Reit- und Fahrverein Roxel Melanie Stracke und Paulin Waldmann siegten

Münster-Roxel -

Auch das Wetter spielte mit: Im strahlenden Sonnenschein wurden die Fuchsjagd und der Herbstausritt der Roxeler Reiter zu einem rundum gelungenen Spektakel. Ein Ball am Abend rundete das Geschehen ab.

Damenriege (v.l.): die Vorjahres-Fuchsmajorin Johanna Westholt neben der amtierenden Fuchsmajorin Melanie Stracke und Ponyfuchsmajorin Paulin Waldmann sowie ihrer Vorgängerin Antonia Karaman
Damenriege (v.l.): die Vorjahres-Fuchsmajorin Johanna Westholt neben der amtierenden Fuchsmajorin Melanie Stracke und Ponyfuchsmajorin Paulin Waldmann sowie ihrer Vorgängerin Antonia Karaman Foto: r

Die „grüne Saison“ geht zu Ende – und Roxels Reiter leiten die Hallensaison mit Tradition, guter Laune und strahlendem Herbstwetter ein. Der gesamte Samstag stand im Zeichen des sportlichen Wettstreits, zu dem der Reit- und Fahrverein Roxel im Rahmen der jährlichen Fuchsjagd nebst Herbstritt eingeladen hatte.

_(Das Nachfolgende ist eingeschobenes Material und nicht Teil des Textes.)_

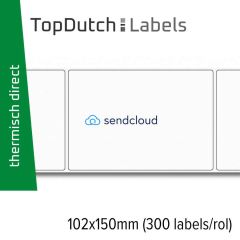 TopDutch Labels 102x150mm Sendcloud verzendetiketten 1 rol á 300 labels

„So viele Kutschen wie dieses Jahr hatten wir lange nicht mehr“, schwärmte der erste Vorsitzende Christian Gäher. Neben neun Kutschen, einem Planwagen und 19 Reitern, die dem Pferdesport frönten, fehlte es auch nicht an unzähligen schaulustigen Radfahrern. Gemeinsame Stopps waren sowohl ein Frühstück, ausgerichtet von Ponyfuchsmajorin Antonia Karaman, als auch ein Satteltrunk in Senden mit dem Reitverein Bösensell sowie eine weitere Stärkung bei traditioneller Erbsen- und Reitersuppe auf Hof Westholt mit Fuchsmajorin Johanna Westholt als Gastgeberin.

Beim traditionellen Wettstreit im Gelände siegten am Nachmittag Melanie Stracke als neue Fuchsmajorin und Paulin Waldmann als Ponyfuchsmajorin.

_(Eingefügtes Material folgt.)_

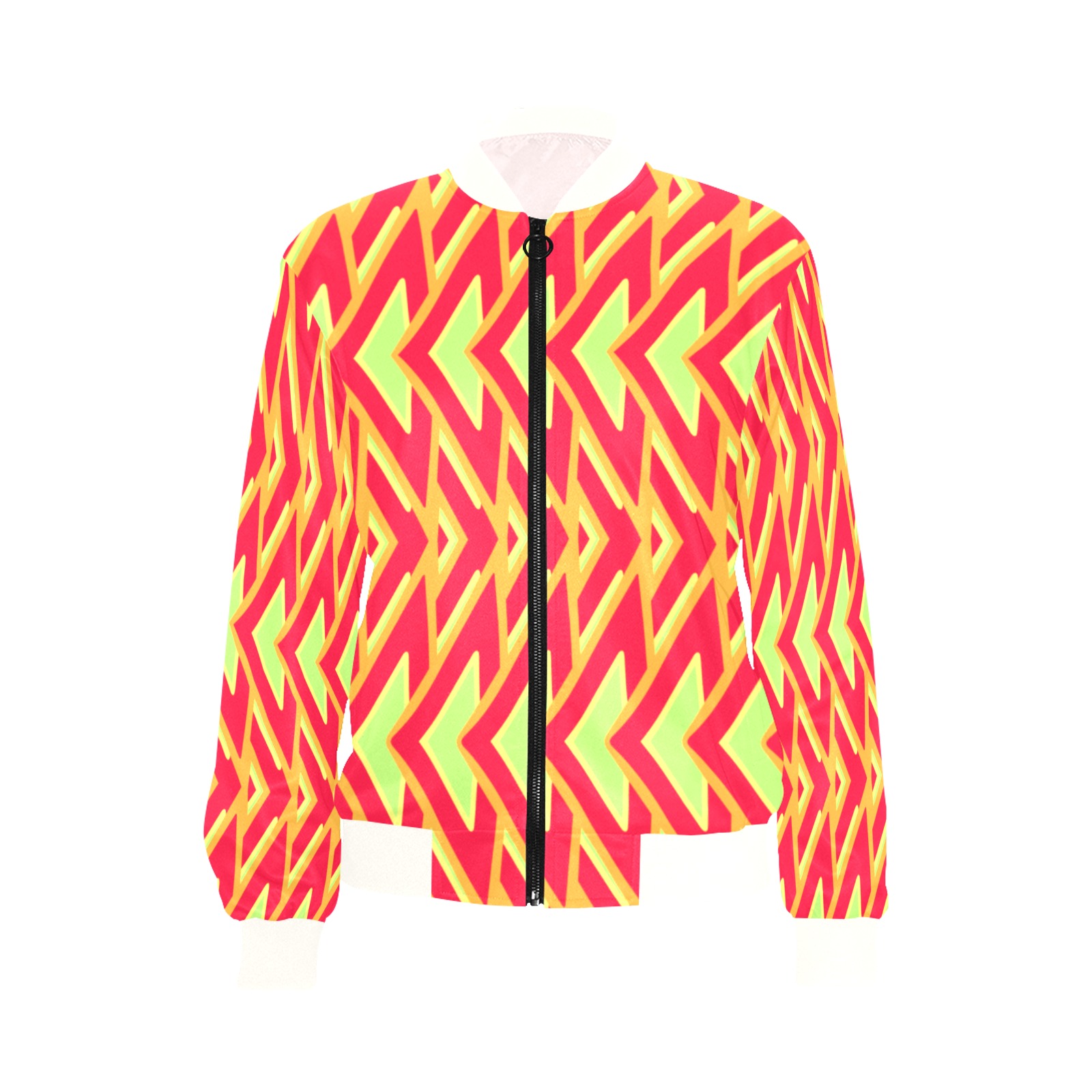 pink arrows tribal ornamental All Over Print Bomber Jacket for Women (Model H36)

Um auch abseits vom Sport zusammenzukommen, standen neben sportlichen Leistungen vor allem Tradition und Spaß im Mittelpunkt. „Das war ja nicht schwer bei dem perfekten Herbstwetter“, freute sich Gäher. Fortgeführt wurde das familiäre Zusammensein dann beim Fuchsjagdball im Restaurant Brintrup mit Abendessen, Umtrunk und Tanz bis in die frühen Morgenstunden. Dabei herrschte heitere Stimmung unter dem bunt gemischten Publikum: „Von fünf bis 75 sind heute Abend alle dabei“, hieß es.